→ TASK DIRECTIONS: Word for word, repeat the data; no picture should appear in the result.
------ DATA FOR ANALYSIS ------
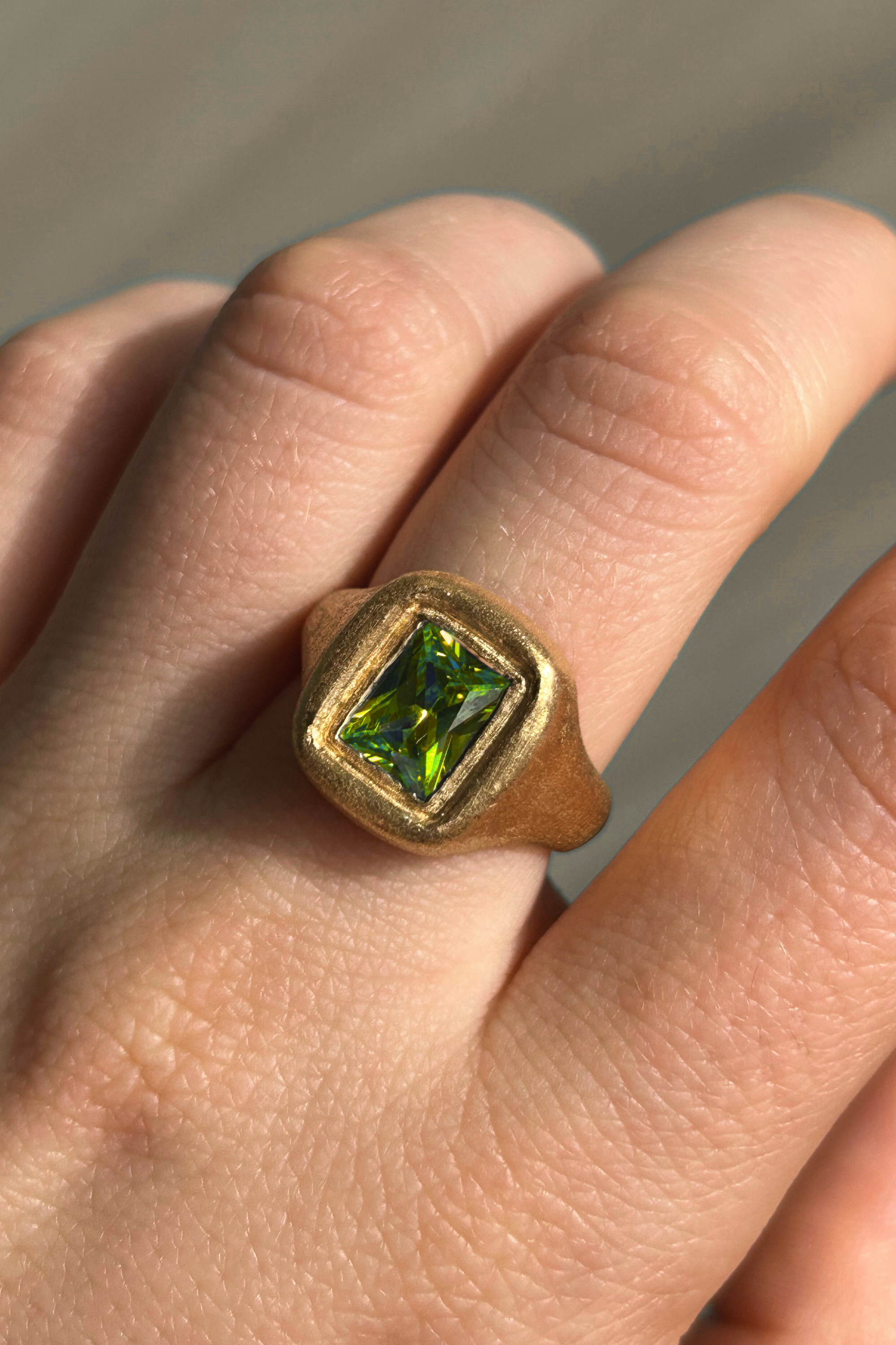 MOSHI MOSHI GREEN RING GOLD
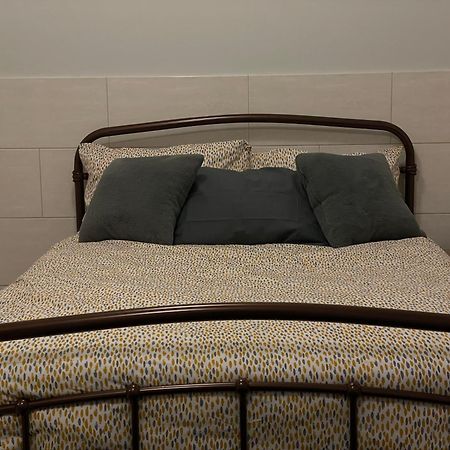 Beanies Lornestreet Four Bed House Apartment Swindon Bagian luar foto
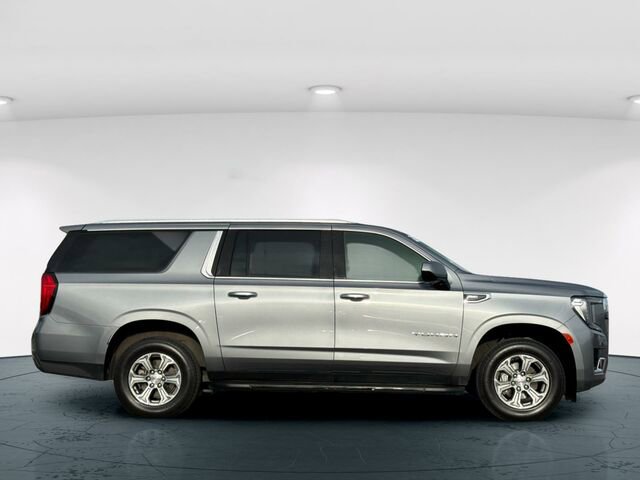 Used 2022 GMC Yukon XL SLE image 8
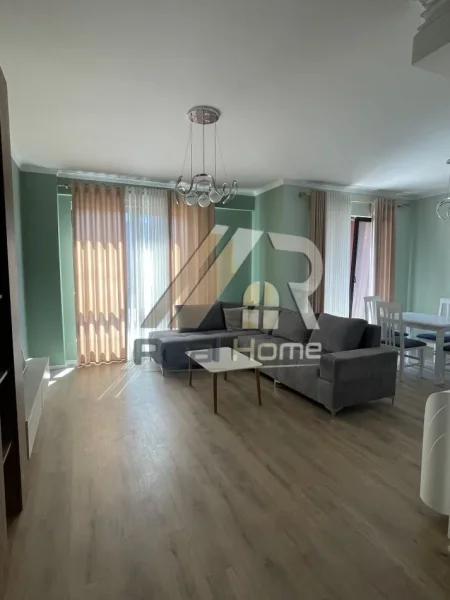 Tirane, jepet me qera apartament 2+1 Kati 4, 98 m² 1.150 € (Myskym Shyri)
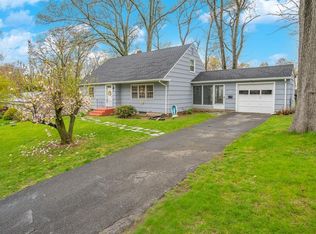 86 Hadley St, Springfield, MA 01118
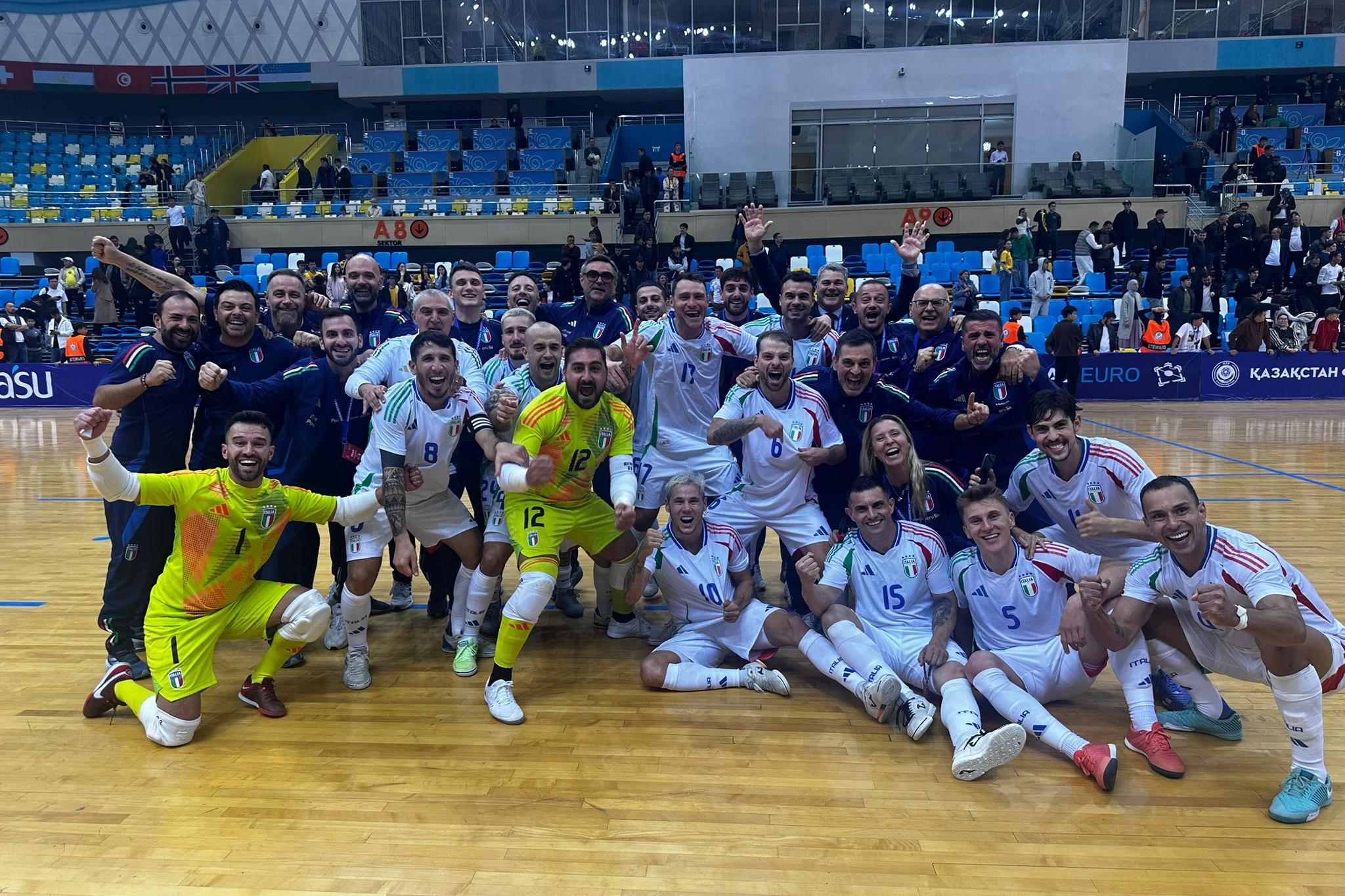 È tornata una grande Italfutsal: Kazakistan ko ai rigori! La qualificazione a Futsal EURO 2026 è realtà. Gravina: \"Complimenti a tutti\"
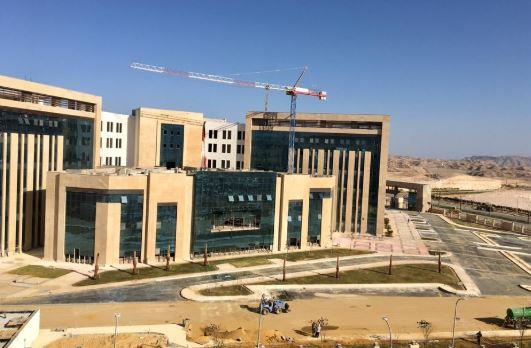 جامعة الجلالة تنعى وفاة طالب بالفرقة الرابعة وتوضح تفاصيل الواقعة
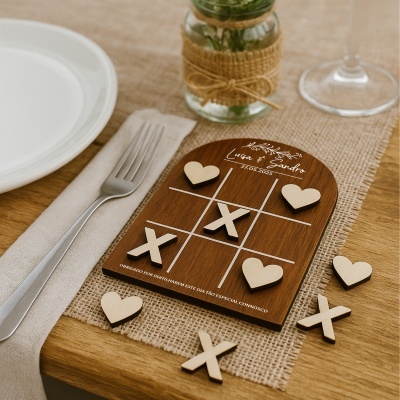 Jogo da velha em madeira decorativo e elementos de mesa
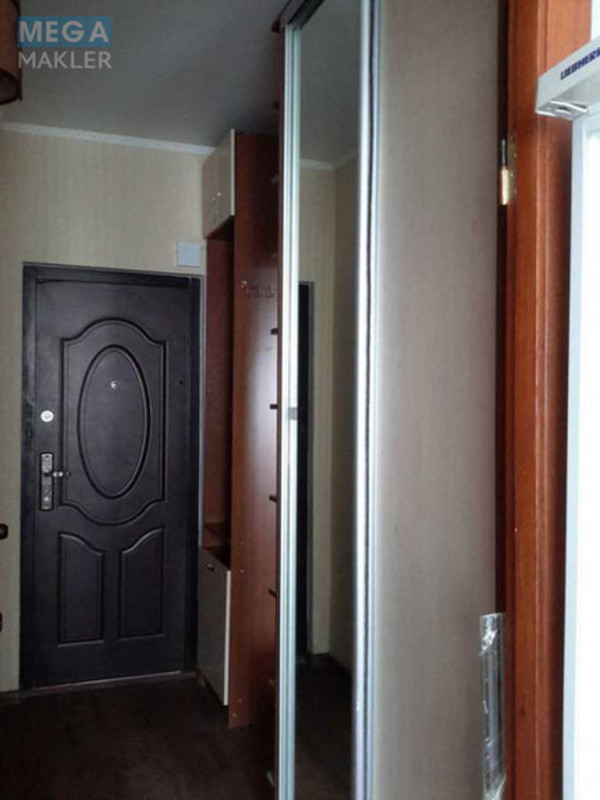 Оренда 1 кімнатної квартири, <a class="location-link" href="/kiev/" title="Недвижимость Київ">Київ</a>, <a class="location-link" href="/kiev/goloseevskij/" title="Недвижимость Голосіївський район">Голосіївський р-н</a>, Академика Заболотного ул., 100 (изображение 4)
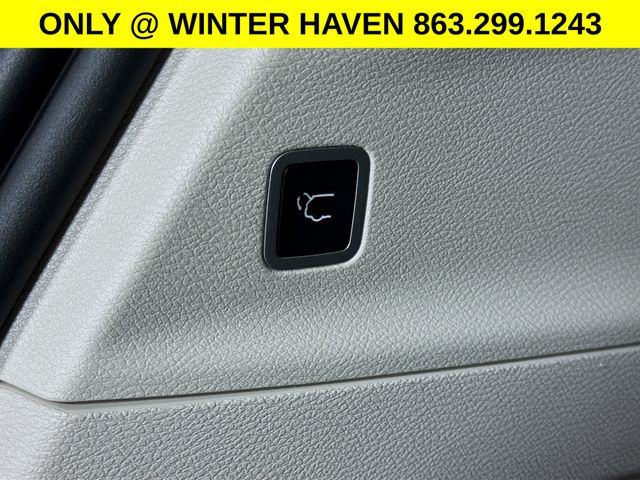 Used 2023 Chrysler Pacifica - photo 27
------
→ ANSWER TO THIS PROBLEM:
 MOSHI MOSHI GREEN RING GOLD
 Beanies Lornestreet Four Bed House Apartment Swindon Bagian luar foto
 Used 2022 GMC Yukon XL SLE image 8
 Tirane, jepet me qera apartament 2+1 Kati 4, 98 m² 1.150 € (Myskym Shyri)
 86 Hadley St, Springfield, MA 01118
 È tornata una grande Italfutsal: Kazakistan ko ai rigori! La qualificazione a Futsal EURO 2026 è realtà. Gravina: \"Complimenti a tutti\"
 جامعة الجلالة تنعى وفاة طالب بالفرقة الرابعة وتوضح تفاصيل الواقعة
 Jogo da velha em madeira decorativo e elementos de mesa
 Оренда 1 кімнатної квартири, <a class="location-link" href="/kiev/" title="Недвижимость Київ">Київ</a>, <a class="location-link" href="/kiev/goloseevskij/" title="Недвижимость Голосіївський район">Голосіївський р-н</a>, Академика Заболотного ул., 100 (изображение 4)
 Used 2023 Chrysler Pacifica - photo 27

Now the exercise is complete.